As a customer service representative for the largest performance registry in the United States I have run into some really unusual questions. We try to prepare ourselves to have an accurate answer for every feasible question we may be asked. Occasionally, a customer throws you a curve ball, and no matter how educated you are on your area of expertise, you don’t have an answer. So, you try not to stammer too much when you ask for their number and let them know you will be calling them back shortly, hopefully with an answer.
Normally, when the “out of the ordinary” question is solved and we have an answer, this priceless information is shared with everyone else in the department…just in case they are ever presented with the same or a similar question.

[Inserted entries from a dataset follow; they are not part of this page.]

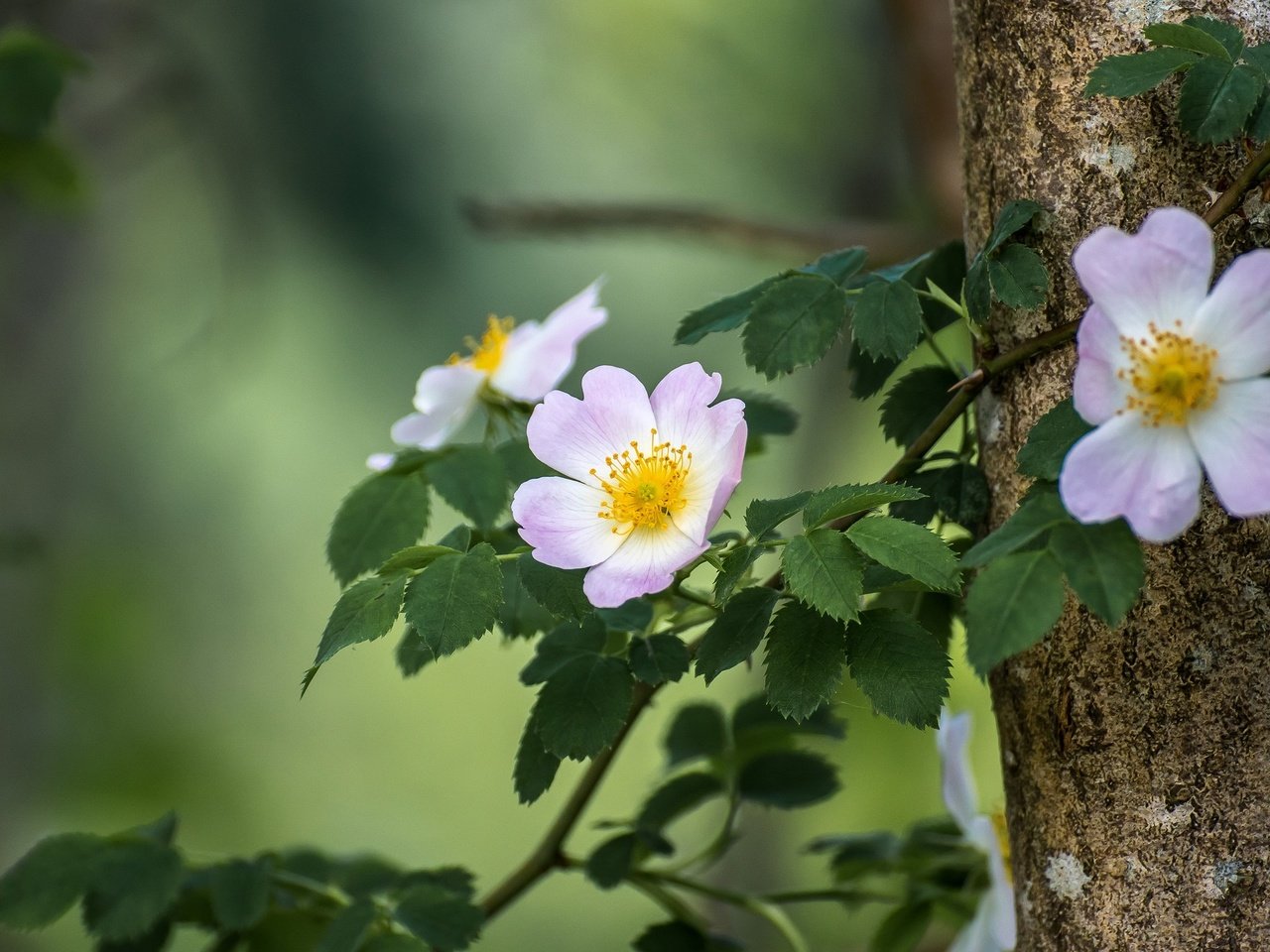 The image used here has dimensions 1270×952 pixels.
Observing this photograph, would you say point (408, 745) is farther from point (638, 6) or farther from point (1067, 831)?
point (1067, 831)

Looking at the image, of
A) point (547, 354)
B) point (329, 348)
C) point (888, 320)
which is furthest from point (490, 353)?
point (329, 348)

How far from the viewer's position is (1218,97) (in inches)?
21.0

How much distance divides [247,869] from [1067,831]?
0.51 metres

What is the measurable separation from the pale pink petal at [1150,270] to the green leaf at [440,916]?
491mm

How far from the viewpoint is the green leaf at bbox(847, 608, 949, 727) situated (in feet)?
1.75

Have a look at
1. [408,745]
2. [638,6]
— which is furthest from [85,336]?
[408,745]

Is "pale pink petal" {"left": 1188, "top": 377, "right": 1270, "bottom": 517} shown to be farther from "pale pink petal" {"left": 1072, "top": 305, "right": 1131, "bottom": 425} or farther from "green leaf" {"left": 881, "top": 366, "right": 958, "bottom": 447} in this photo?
"green leaf" {"left": 881, "top": 366, "right": 958, "bottom": 447}

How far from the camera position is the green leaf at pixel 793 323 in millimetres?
593

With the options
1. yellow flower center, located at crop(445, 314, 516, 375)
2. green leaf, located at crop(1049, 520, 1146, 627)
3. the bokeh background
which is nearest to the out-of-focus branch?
the bokeh background

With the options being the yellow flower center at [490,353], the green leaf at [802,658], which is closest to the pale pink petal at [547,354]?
the yellow flower center at [490,353]

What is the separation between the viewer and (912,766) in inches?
106

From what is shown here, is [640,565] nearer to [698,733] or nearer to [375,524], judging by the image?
[375,524]

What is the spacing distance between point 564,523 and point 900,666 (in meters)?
0.17

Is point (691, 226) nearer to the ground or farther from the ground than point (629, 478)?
farther from the ground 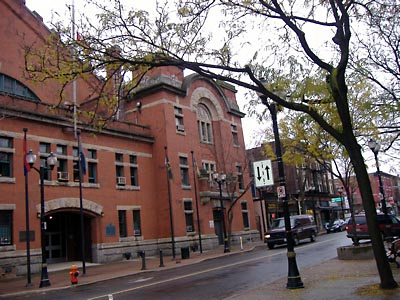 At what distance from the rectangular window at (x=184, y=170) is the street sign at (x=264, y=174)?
2426cm

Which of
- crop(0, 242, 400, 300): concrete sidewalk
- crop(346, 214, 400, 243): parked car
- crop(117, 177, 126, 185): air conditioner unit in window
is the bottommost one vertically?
crop(0, 242, 400, 300): concrete sidewalk

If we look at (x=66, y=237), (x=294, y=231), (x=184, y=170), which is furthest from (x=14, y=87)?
(x=294, y=231)

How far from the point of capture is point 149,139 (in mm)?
35938

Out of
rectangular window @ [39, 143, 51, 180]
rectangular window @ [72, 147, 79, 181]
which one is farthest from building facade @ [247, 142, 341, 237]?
rectangular window @ [39, 143, 51, 180]

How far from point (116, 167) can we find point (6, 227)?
994 centimetres

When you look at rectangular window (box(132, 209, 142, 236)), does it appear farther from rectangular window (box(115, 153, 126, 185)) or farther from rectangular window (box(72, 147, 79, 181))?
rectangular window (box(72, 147, 79, 181))

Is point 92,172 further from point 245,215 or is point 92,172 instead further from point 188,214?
point 245,215

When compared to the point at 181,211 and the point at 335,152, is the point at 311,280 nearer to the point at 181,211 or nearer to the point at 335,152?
the point at 335,152

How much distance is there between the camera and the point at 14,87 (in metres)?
31.0

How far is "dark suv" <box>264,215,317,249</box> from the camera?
30.9 metres

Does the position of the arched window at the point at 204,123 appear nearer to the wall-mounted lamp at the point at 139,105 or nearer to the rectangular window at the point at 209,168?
the rectangular window at the point at 209,168

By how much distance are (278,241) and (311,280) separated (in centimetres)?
1888

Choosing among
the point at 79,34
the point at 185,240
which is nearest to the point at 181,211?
the point at 185,240

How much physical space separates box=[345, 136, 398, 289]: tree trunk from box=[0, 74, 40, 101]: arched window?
25.6 meters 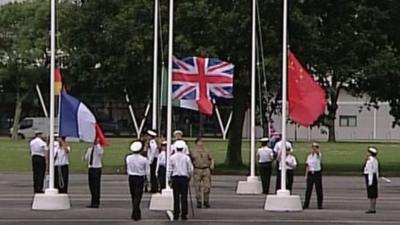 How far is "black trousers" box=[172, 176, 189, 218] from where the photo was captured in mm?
23398

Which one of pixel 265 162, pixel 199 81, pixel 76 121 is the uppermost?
pixel 199 81

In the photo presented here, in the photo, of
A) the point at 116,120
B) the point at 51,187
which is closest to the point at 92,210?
the point at 51,187

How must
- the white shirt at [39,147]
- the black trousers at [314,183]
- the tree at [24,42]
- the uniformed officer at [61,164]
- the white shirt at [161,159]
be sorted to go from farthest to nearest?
1. the tree at [24,42]
2. the white shirt at [39,147]
3. the white shirt at [161,159]
4. the uniformed officer at [61,164]
5. the black trousers at [314,183]

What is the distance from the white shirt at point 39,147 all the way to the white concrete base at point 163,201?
561cm

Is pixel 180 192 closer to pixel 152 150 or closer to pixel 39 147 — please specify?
pixel 152 150

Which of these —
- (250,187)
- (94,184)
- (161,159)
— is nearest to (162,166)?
(161,159)

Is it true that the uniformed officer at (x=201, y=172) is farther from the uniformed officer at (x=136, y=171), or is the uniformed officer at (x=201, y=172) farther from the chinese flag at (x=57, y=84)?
the chinese flag at (x=57, y=84)

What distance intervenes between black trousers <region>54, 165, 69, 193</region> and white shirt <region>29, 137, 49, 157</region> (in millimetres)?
2233

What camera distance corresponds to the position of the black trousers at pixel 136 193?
23.0 meters

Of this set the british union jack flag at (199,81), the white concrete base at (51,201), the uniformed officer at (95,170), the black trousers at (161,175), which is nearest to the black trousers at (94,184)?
the uniformed officer at (95,170)

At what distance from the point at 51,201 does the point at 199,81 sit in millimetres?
5225

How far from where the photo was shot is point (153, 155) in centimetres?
3078

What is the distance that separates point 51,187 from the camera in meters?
26.1

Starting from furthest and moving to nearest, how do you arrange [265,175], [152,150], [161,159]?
1. [265,175]
2. [152,150]
3. [161,159]
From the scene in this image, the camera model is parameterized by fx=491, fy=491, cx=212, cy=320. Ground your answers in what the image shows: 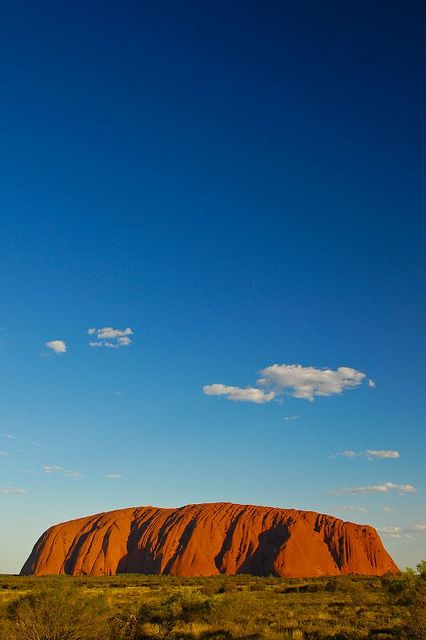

I have a few “peculiar” situations I was recently presented with that I will never forget as long as I live. I am sure the Customer will never forget their situation either. Usually the Customer and I have a good laugh, and both wind up shaking our heads in astonishment at what lengths dog go to and what on earth were they thinking?
Like Bob in Colorado who had a female he was showing that came in season. Now, Bob you have to understand, didn’t want to breed his female until he retired her from the show ring. Unfortunately, Ginger and Bob didn’t see eye to eye on this decision. So, Ginger took matters in her own hands, uh, paws. Pretty soon Ginger started looking a little fat, you get the idea. Even Ginger began to realize the gravity of her frivolity. Bob has a few males in the kennel who, of course, were all being very closed mouth concerning Ginger. Through DNA testing, we were able to help Bob solve the mystery and register all of Ginger’s puppies. Ginger and the proud papas are enjoying watching the pups frolic about and Bob is convinced at least three of them are show quality. Good luck, Bob in Colorado, it was nice working with you.
Another favorite caller of mine is Virginia in Kentucky. Ah, Virginia, I still scratch my head when I ponder your “unique situation.” Virginia called me one spring day and said “I have a predicament and I don’t know exactly what to do.” I said “I will be glad to help you.” Lucky me. Virginia started her story and it goes something like this. “I have two litter mate sisters, Lucy and Lottie, who were bred to the same male; both females started whelping at the same time.” I thought, is this a joke or what? She continued to tell me how she was at one end of the house with one female and her husband, Sam, was at the other end of the house with the other female, both females in whelp.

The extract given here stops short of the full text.